1) there are so many differences between browsers that you have to keep them all in mind when asking people to send you csv files, or generating them, etc. Such as for example \n vs \r vs \r\n and escaping them.
2) You have to keep in your head escape rules and exceptions, and balancing quotes and other delimiters.
3) The whole thing doesn't look human readable or easily navigable for a document of any serious complexity.
And what's the upside? If more people just used Excel or another spreadsheet program to edit these files, you won't face ANY of these issues. They would eventually converge on a standard format, like they did with HTML.
Disclaimer: I wrote a CSV parser
Compatibility horrors from people violating the standard will appear no matter what format you use. That's not fair to blame on the format.
> You have to keep in your head escape rules and exceptions, and balancing quotes and other delimiters.
CSV itself has newlines, commas, and quotations marks for special characters. That's extremely minimal. The only extra thing to keep in your head is "is this field quoted or not".

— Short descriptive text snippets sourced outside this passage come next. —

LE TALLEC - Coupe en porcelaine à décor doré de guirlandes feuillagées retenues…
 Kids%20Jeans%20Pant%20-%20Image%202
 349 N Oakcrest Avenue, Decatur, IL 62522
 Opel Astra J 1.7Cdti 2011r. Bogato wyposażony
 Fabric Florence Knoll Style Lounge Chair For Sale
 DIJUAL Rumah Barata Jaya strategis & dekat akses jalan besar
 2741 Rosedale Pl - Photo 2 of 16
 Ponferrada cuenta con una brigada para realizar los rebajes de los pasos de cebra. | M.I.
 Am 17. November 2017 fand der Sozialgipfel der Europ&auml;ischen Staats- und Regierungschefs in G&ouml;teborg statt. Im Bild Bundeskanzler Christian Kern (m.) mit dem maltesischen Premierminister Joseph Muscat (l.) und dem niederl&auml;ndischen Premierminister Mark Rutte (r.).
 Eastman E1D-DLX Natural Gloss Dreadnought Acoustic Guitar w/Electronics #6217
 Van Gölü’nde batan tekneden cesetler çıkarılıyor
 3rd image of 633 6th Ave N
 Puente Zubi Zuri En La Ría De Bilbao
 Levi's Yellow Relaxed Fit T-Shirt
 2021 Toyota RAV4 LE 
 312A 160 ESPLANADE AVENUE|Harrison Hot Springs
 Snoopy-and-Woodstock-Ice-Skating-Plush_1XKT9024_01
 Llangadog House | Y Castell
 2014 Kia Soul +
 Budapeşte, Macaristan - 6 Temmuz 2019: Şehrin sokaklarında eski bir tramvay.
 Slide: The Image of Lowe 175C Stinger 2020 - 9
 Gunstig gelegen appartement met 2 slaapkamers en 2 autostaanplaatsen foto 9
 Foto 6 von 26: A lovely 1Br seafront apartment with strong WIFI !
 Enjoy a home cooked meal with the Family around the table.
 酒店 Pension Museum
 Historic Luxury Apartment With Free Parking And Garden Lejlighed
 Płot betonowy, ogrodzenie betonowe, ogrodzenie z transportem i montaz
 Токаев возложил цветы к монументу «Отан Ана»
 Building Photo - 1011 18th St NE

What set of escapes and delimiters could be simpler? Would you rather reserve certain characters, and abandon the idea of holding "just text" values?
> The whole thing doesn't look human readable or easily navigable for a document of any serious complexity.
> And what's the upside? If more people just used Excel or another spreadsheet program to edit these files, you won't face ANY of these issues. They would eventually converge on a standard format, like they did with HTML.
This sounds like you're arguing for a more complex format! I'm confused.
So again, what is a format that you call simple?
There's a lot of design room here.
https://www.lua.org/pil/2.4.html http://prog21.dadgum.com/172.html
I can no longer remember where I saw it (thought it was lua), but I heard the idea to use =[[ ... ]]= and =[[[ ... ]]]= as wrappers (a bit like the qq operator from perl). They can be nested and don't interfere, so =[[[ abc =[[ ]]= ]]]= is a legitimate string.
Ascii text format is simple.
Anything where you have arbitrarily complex structure, why not use a program to edit it? What is the downside of using the right tool for the job? Your text editor is a program. Why tunnel through text and manually edit stuff?